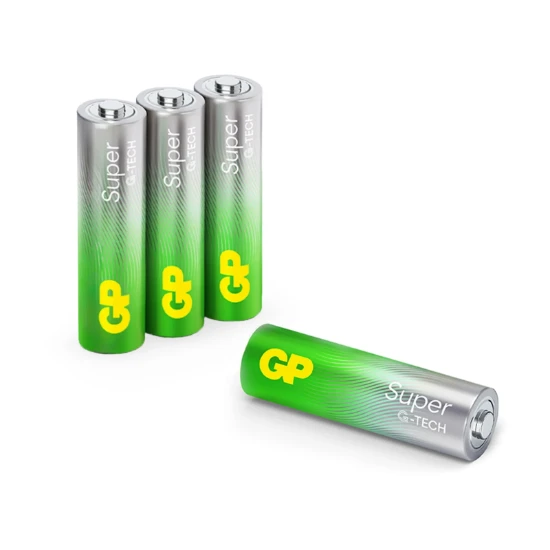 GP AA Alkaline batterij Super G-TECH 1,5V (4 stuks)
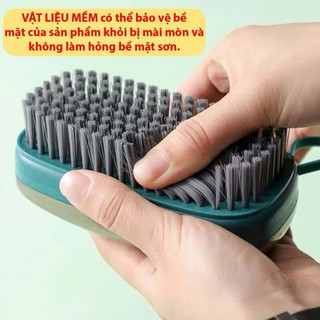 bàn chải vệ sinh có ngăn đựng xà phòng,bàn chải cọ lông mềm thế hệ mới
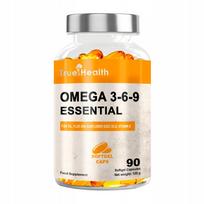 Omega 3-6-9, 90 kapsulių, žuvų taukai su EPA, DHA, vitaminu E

...

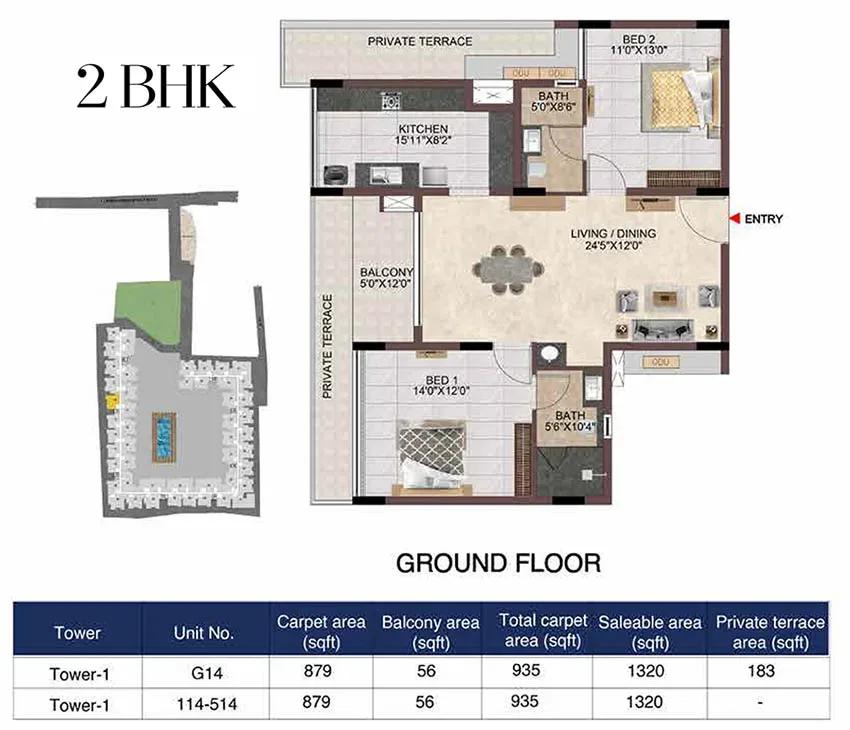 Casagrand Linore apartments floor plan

The problem:
Exercise for the records above: copy only the lines from the one with "bàn chải vệ" to the one with "Omega 3-6-9, 90", both ends kept, and drop the pictures.

Written answer:
 bàn chải vệ sinh có ngăn đựng xà phòng,bàn chải cọ lông mềm thế hệ mới
 Omega 3-6-9, 90 kapsulių, žuvų taukai su EPA, DHA, vitaminu E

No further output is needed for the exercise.